The problem:
Please reproduce the data exactly, though every picture must stay out.

****************************************

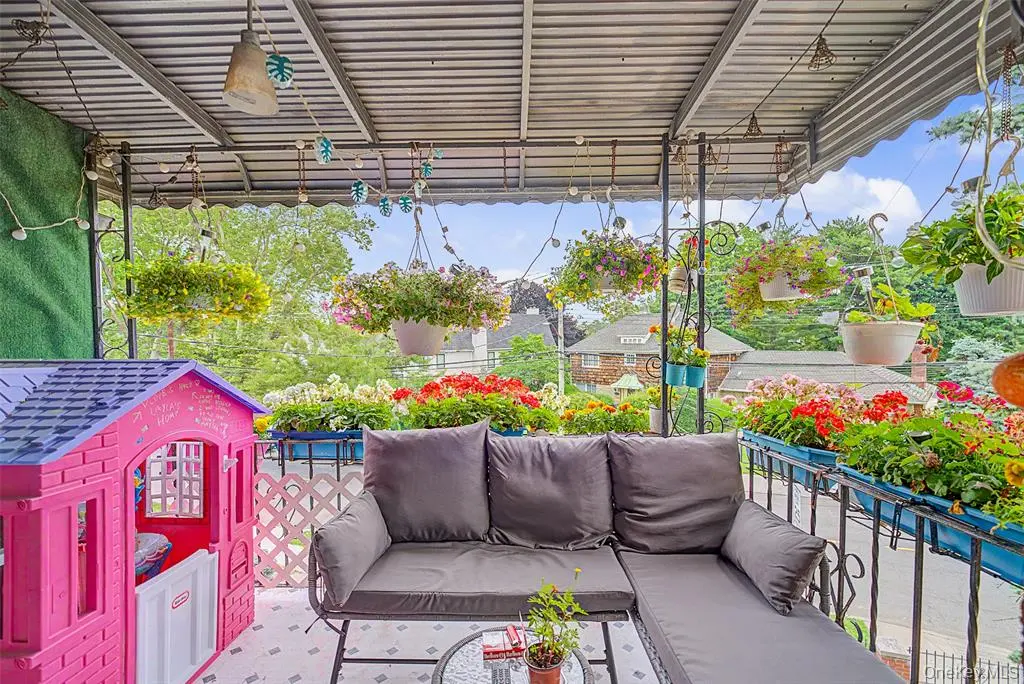 Covered balcony overlooking the yard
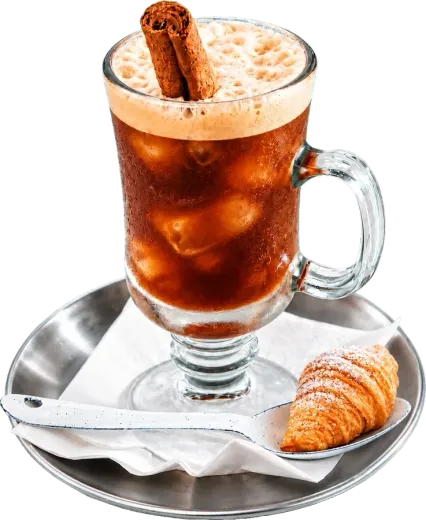 Café Carajillo over ice with a cinnamon stick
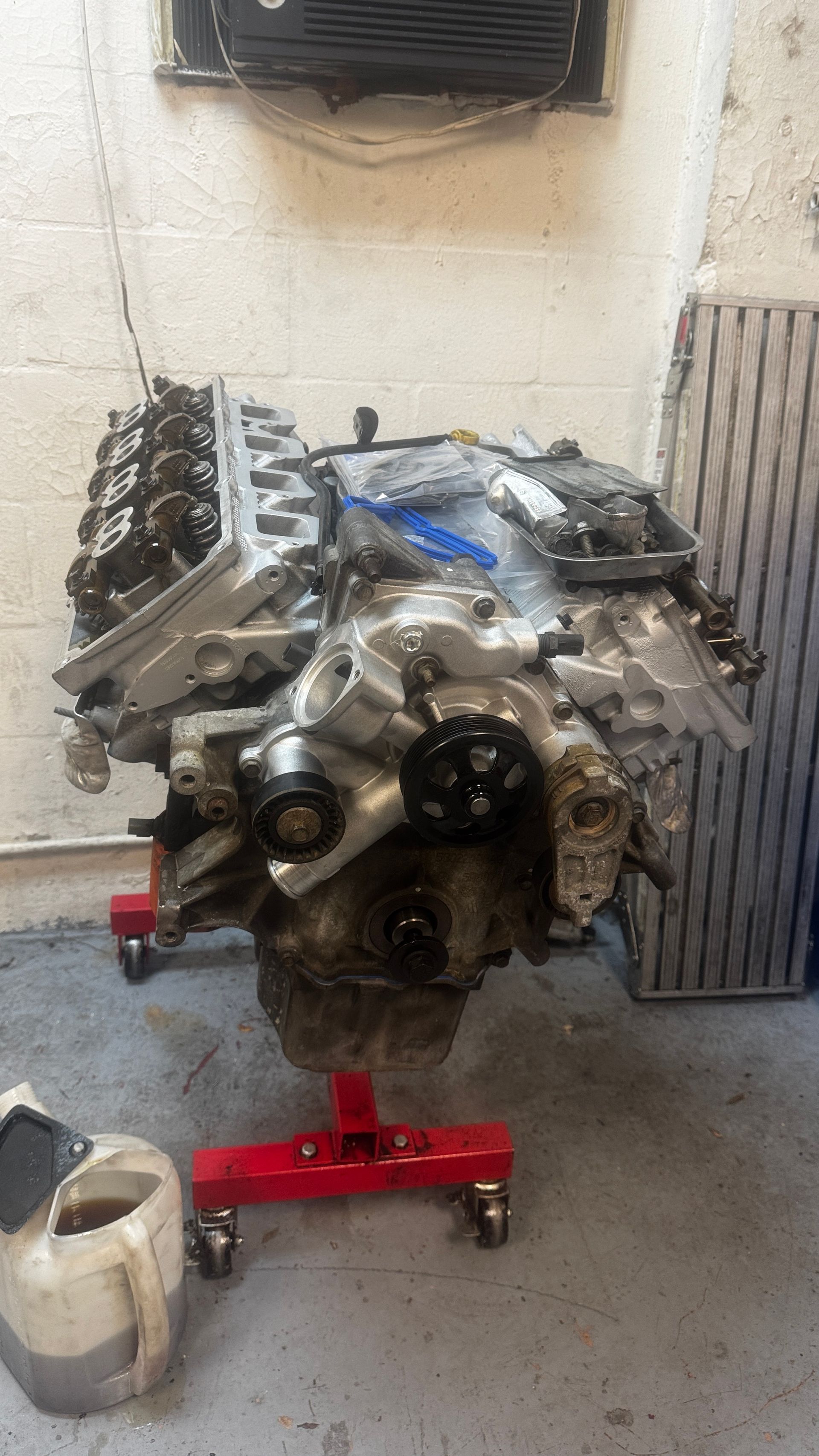 A partially disassembled V8 engine on a red metal engine stand in a workshop.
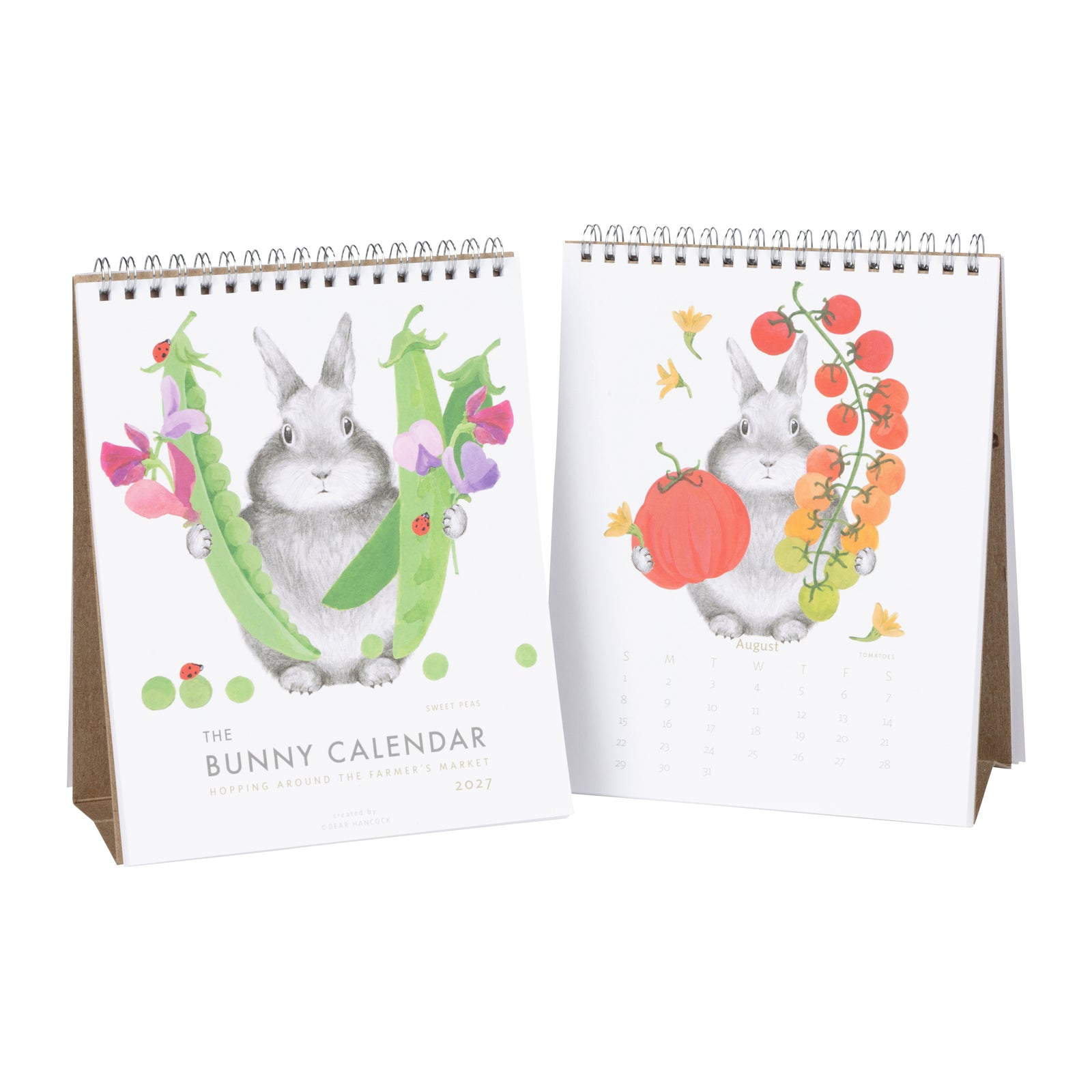 A spiral-bound desk calendar shown open to display both front and back covers. The cover features a gray bunny emerging from a green pea pod with pink flowers and ladybugs.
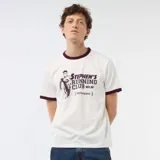 Camiseta blanca de manga corta con ribetes en contraste de color bordó en el cuello y los puños. Presenta un estampado gráfico frontal con la inscripción "Stephen's Running Club Est. 88 Sacramento" y la silueta de un corredor.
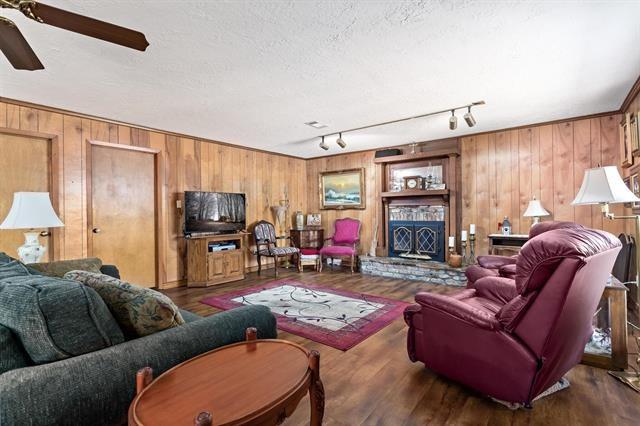 527 E Walton Rd, Lumberton, TX 77657 - living room featuring wooden walls, a ceiling fan, rail lighting, and wood finished floors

****************************************

Response for this exercise:
 Covered balcony overlooking the yard
 Café Carajillo over ice with a cinnamon stick
 A partially disassembled V8 engine on a red metal engine stand in a workshop.
 A spiral-bound desk calendar shown open to display both front and back covers. The cover features a gray bunny emerging from a green pea pod with pink flowers and ladybugs.
 Camiseta blanca de manga corta con ribetes en contraste de color bordó en el cuello y los puños. Presenta un estampado gráfico frontal con la inscripción "Stephen's Running Club Est. 88 Sacramento" y la silueta de un corredor.
 527 E Walton Rd, Lumberton, TX 77657 - living room featuring wooden walls, a ceiling fan, rail lighting, and wood finished floors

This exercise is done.